▶ PROVIDED INFORMATION
_ _ _ _
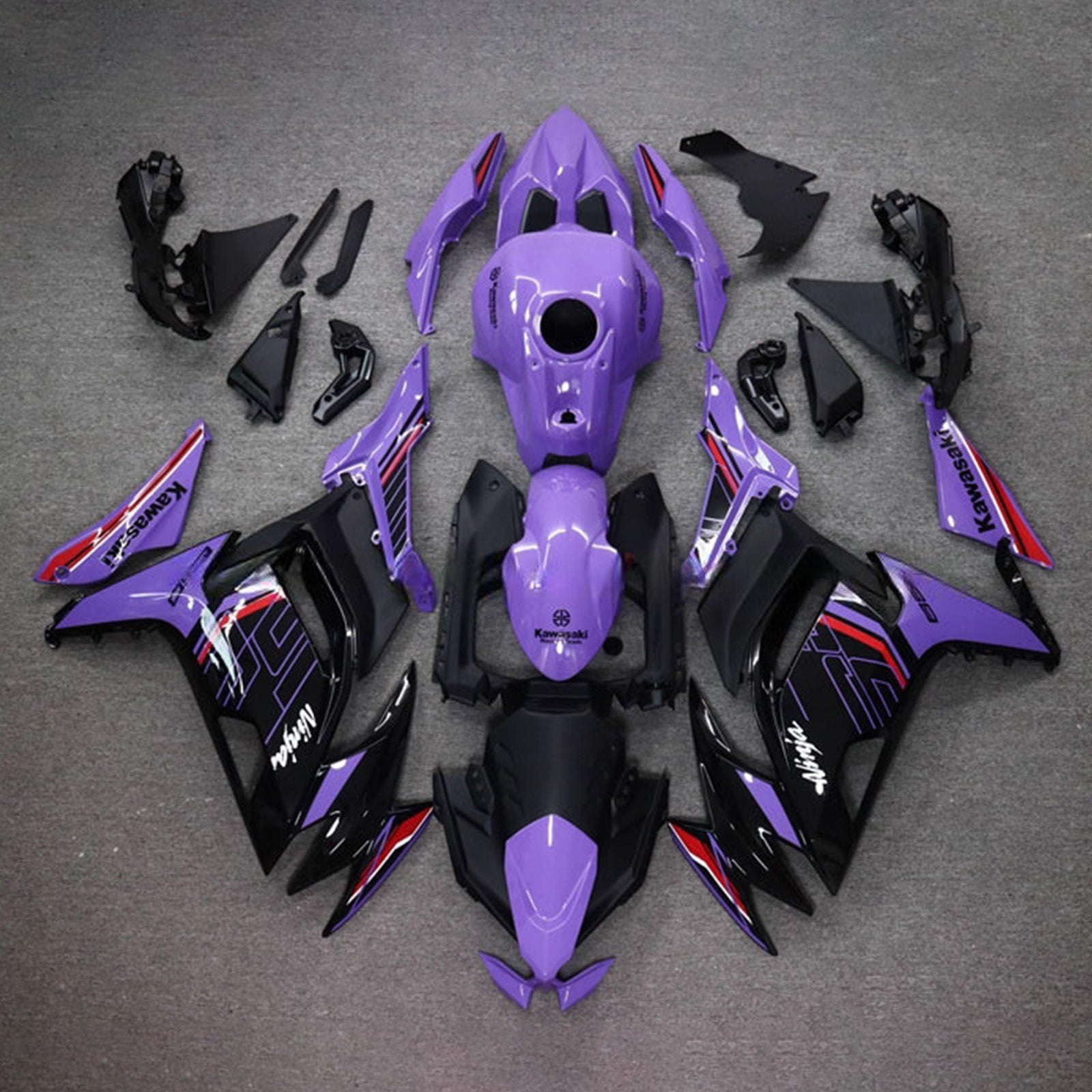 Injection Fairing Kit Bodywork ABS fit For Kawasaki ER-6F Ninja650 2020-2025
_ _ _ _
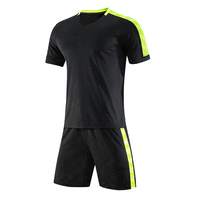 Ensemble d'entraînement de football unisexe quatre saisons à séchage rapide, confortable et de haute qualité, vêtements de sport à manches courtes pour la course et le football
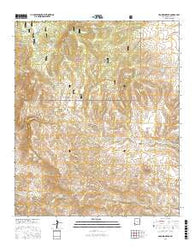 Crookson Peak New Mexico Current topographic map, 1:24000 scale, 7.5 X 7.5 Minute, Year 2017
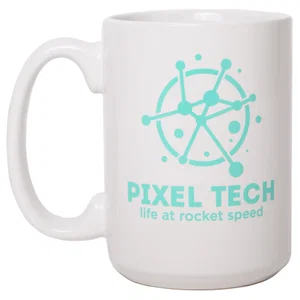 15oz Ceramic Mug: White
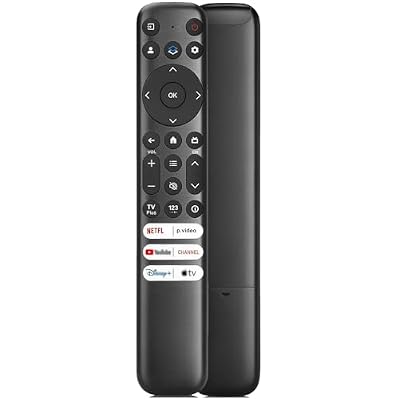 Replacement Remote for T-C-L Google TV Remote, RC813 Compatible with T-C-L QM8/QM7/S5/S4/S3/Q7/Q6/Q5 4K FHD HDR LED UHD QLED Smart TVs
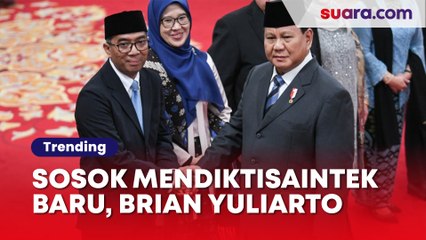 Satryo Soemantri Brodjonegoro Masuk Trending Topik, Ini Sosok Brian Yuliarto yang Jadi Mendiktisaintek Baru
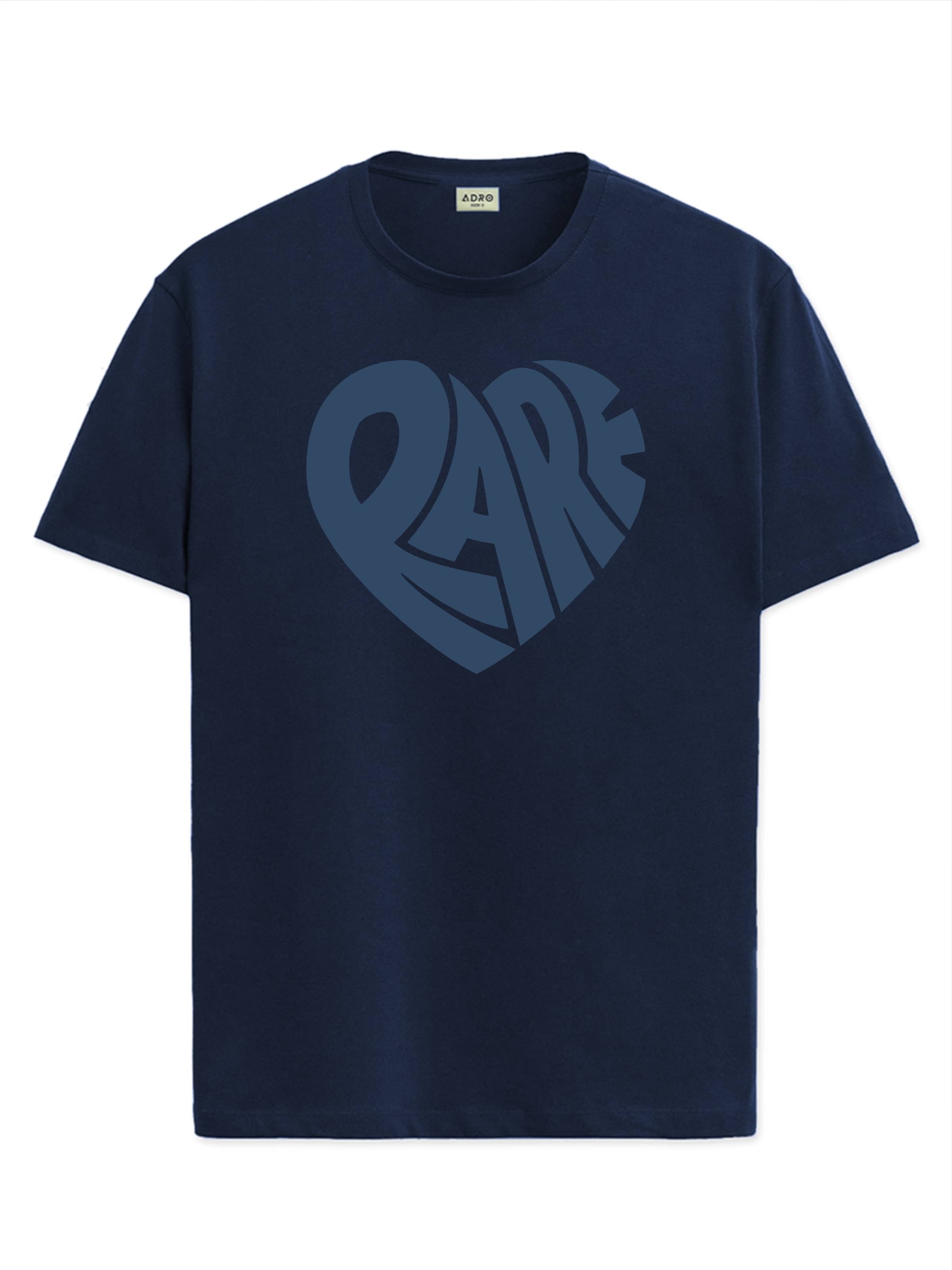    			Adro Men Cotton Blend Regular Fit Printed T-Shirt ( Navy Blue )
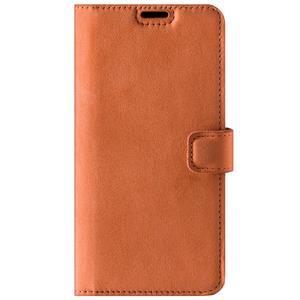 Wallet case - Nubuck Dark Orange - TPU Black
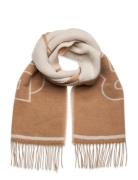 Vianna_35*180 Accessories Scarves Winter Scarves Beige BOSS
_ _ _ _
▶ PROBLEM TO WORK ON
Give again the lines of the listing above that run from the one with "Replacement Remote for" up to and including the one with "Vianna_35*180 Accessories Scarves". Keep them exact and omit the pictures.

▶ RESPONSE
 Replacement Remote for T-C-L Google TV Remote, RC813 Compatible with T-C-L QM8/QM7/S5/S4/S3/Q7/Q6/Q5 4K FHD HDR LED UHD QLED Smart TVs
 Satryo Soemantri Brodjonegoro Masuk Trending Topik, Ini Sosok Brian Yuliarto yang Jadi Mendiktisaintek Baru
    			Adro Men Cotton Blend Regular Fit Printed T-Shirt ( Navy Blue )
 Wallet case - Nubuck Dark Orange - TPU Black
 Vianna_35*180 Accessories Scarves Winter Scarves Beige BOSS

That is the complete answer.